Para ele, os ganhos salariais do movimento sindical brasileiro no ano passado – quando, segundo levantamento do Departamento Intersindical de Estudos e Estatísticas Socioeconômicas (Dieese), o equivalente a 95,7% das categorias obtiveram reajustes salariais iguais ou acima da inflação – poderiam ser “muito maiores” caso os sindicatos “precisassem registrar acordos melhores para sobreviver”. “Como têm o dinheiro fácil do imposto sindical, ninguém precisa fazer greve, mobilizar o trabalhador, nada”, diz.
No início do mês, os dirigentes da CUT, a maior central do país, aprovaram a realização de uma campanha nacional contra o imposto sindical, que, para a CUT, deve ser trocado por uma taxa negocial. Isto é, uma taxa que seria aprovada em assembleia pelos sindicatos, e que seria cobrada dos trabalhadores representados. Assim, explica Artur Henrique, presidente da CUT, “só ganharia dinheiro aquele sindicato que lutasse, porque o trabalhador passaria a pagar a taxa só se sentir que vale a pena, não de maneira compulsória, como é hoje”.
Para Adi dos Santos, presidente da CUT-SP, o debate em torno do imposto sindical é “de vida ou morte” para a entidade, que têm em seu estatuto de fundação, de 1983, a disposição de não aceitar o imposto sindical. A CUT, no entanto, é a que recebe a maior fatia da contribuição, e à exceção de seus maiores sindicatos, como dos bancários de São Paulo e dos metalúrgicos do ABC, que devolvem o que recebem do governo, todos os outros fazem uso dos recursos. “O imposto não serve para sustentar sindicatos, como dizem aqueles que dependem dele, mas para sustentar sindicalistas”, diz Santos.
Pouco antes de o repasse de 10% do arrecadado anualmente com o imposto sindical ser aprovado pelo governo Lula, nada menos que três centrais foram criadas. Enquanto a Central dos Trabalhadores e Trabalhadoras do Brasil (CTB) nasceu de um racha na CUT – justamente porque o grupo, ligado ao PCdoB, apoia o repasse de imposto sindical -, outras duas – a Nova Central de Trabalhadores do Brasil (NCST) e a União Geral dos Trabalhadores (UGT) – vieram da Força Sindical. Além destas cinco, a Central Geral dos Trabalhadores do Brasil (CGTB), herdeira da antiga CGT, criada no governo Getúlio Vargas, também entrou no bolo.

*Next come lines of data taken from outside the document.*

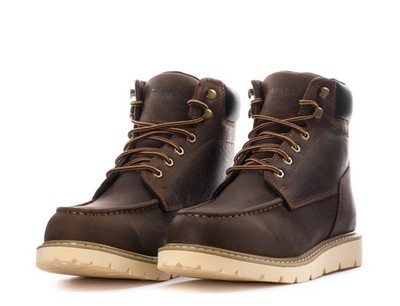 Eurostar Brown Leather Men's Work Boots Lace Up Rugged si Rubber Sole Round Toe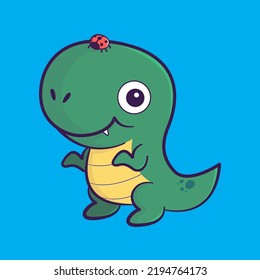 Cute dinosaur playing with ladybug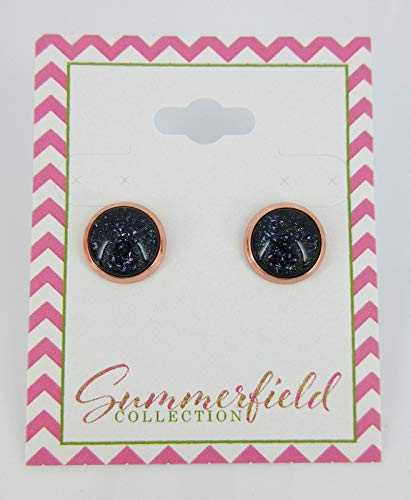 Rose Gold-tone Black and Holographic Flake Glitter Glass Stud Earrings Hand-painted 10mm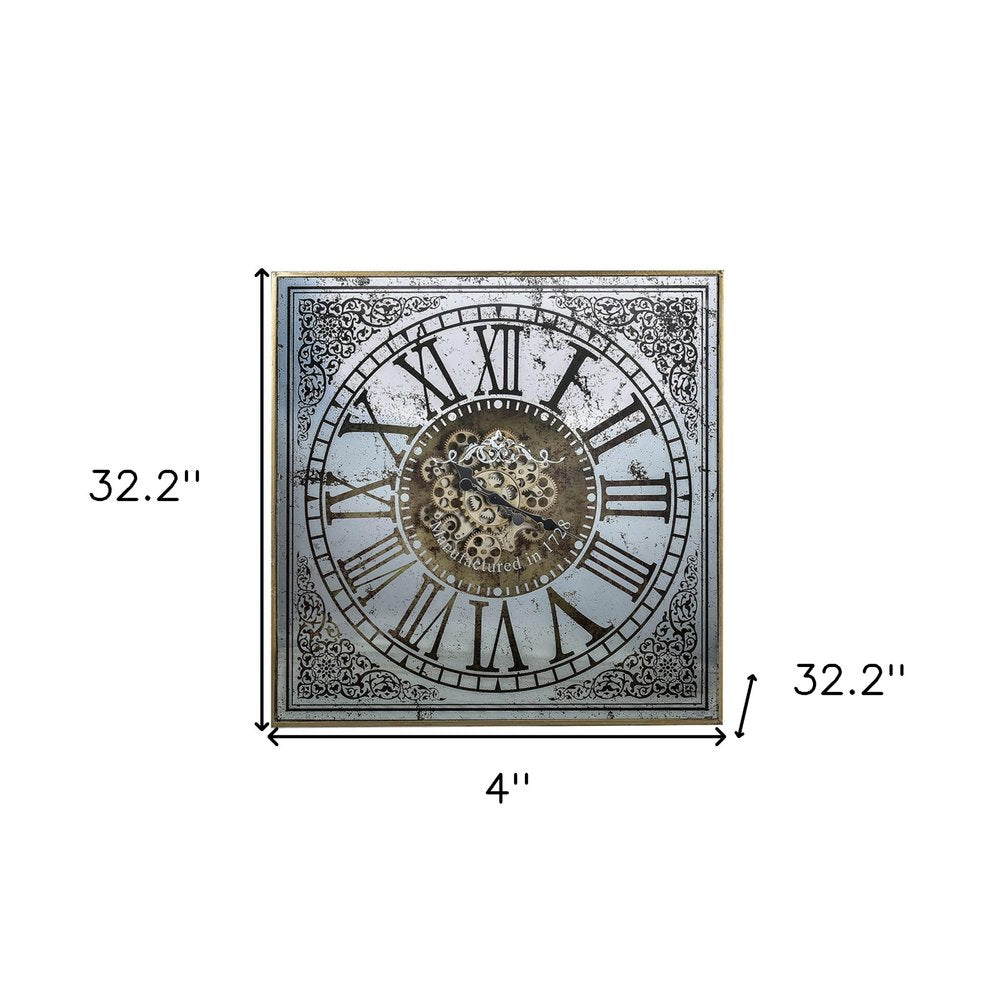 Silver And Gold Square Wall Clock With Roman Numerals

Para o pesquisador Claudio Dedecca, da Unicamp, os resultados recordes obtidos nas negociações coletivas ao longo do ano passado não justificam o argumento das centrais de que o movimento sindical está consolidado. Ao contrário, diz Dedecca. “É impossível elencar três pontos do pensamento e da ação sindical e política de cada uma das seis centrais. Elas não se diferenciam, existem apenas para receber o dinheiro, e por isso apoiam o governo”, afirma.
Para Ricardo Patah, presidente da UGT, o imposto sindical, por ser compulsório, evita que práticas anti-sindicais das empresas – como cartas escritas pelos departamentos de recursos humanos que liberam os funcionários de taxas assistenciais aprovadas pelos sindicatos em convenções coletivas – “travem” a atividade das entidades. “O imposto sindical torna o movimento independente das relações de subserviência com as empresas”, diz Patah.

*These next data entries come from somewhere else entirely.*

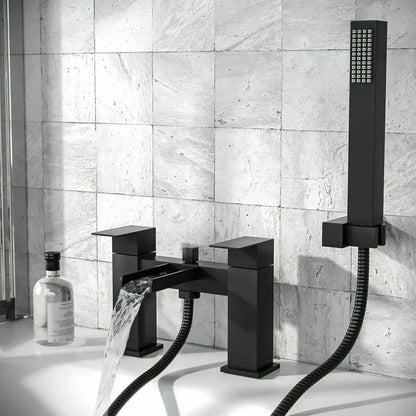 Bathroom Modern Waterfall Black Basin Sink Mono Square Mixer Tap Filler Waste CorbyCart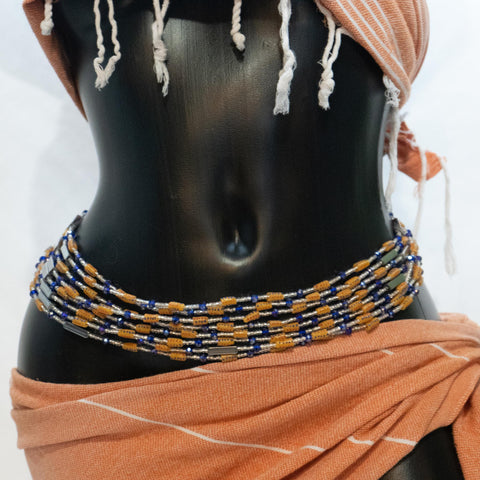 AfroBeads Waist Beads in Tribal Raw Sienna, Silver and Capri Blue 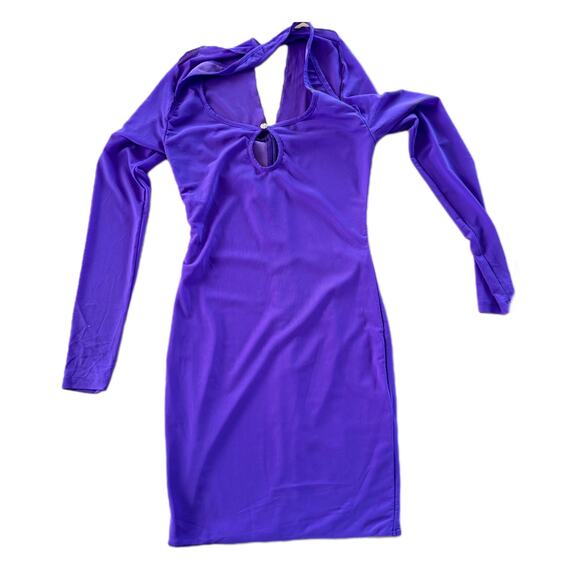 Marthea Purple Long Sleeved Bodycon Mini Dress with Cutouts New with Tags Small - Picture 1 of 11
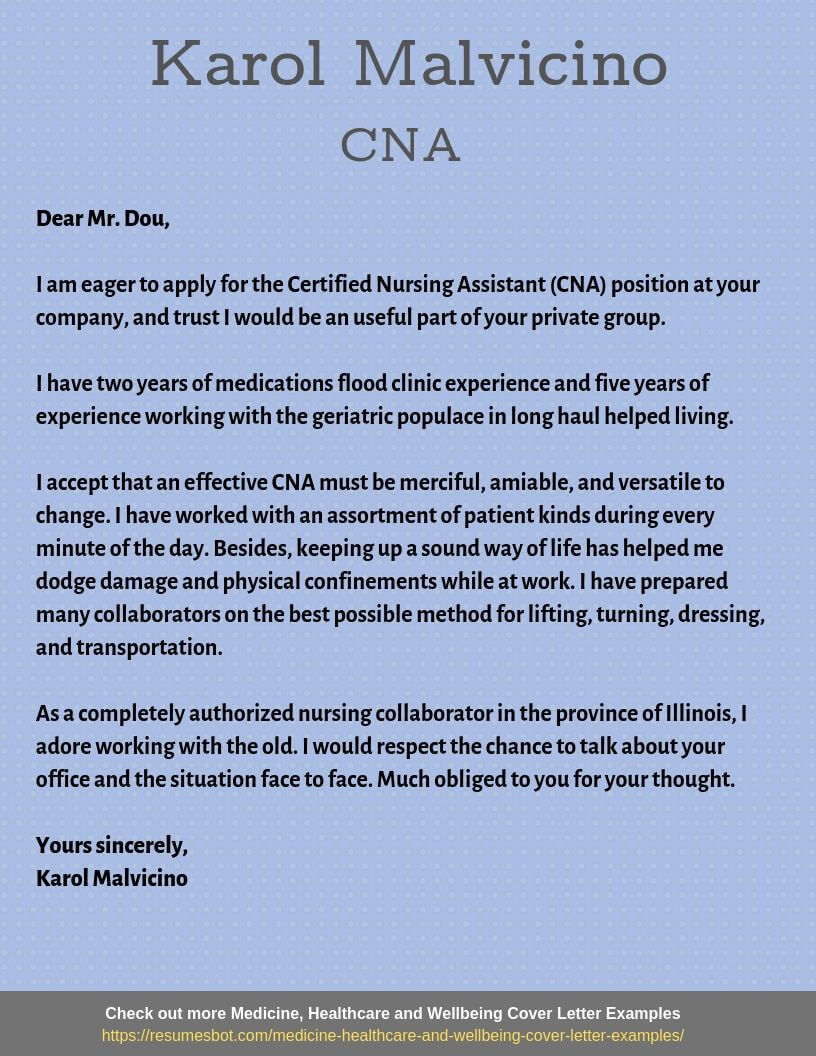 sample of cover letter for cna resume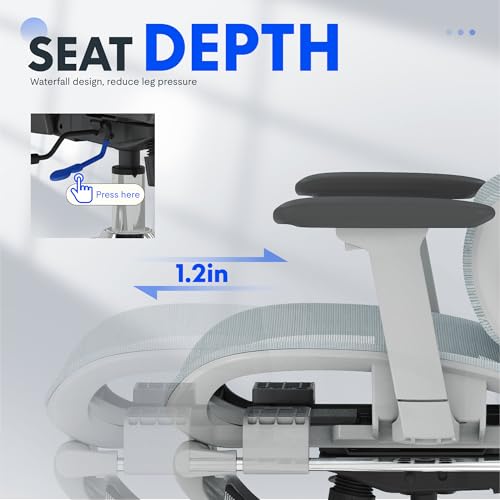 FLEXISPOT ErgoX Premium Ergonomic Office Chair with Footrest- Adjustable 3D Armrests, Dynamic Lumbar Support, Recline & Tilt Function, Mesh Seat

De acordo com João Carlos Gonçalves, o Juruna, secretário-geral da Força Sindical, o imposto sindical não pode ser simplesmente banido, uma vez que o sistema atual depende integralmente dele. “O Ministério Público também não ajuda, uma vez que tem atuado contra a taxa assistencial, deixando as entidades cada vez mais dependentes dos repasses federais”.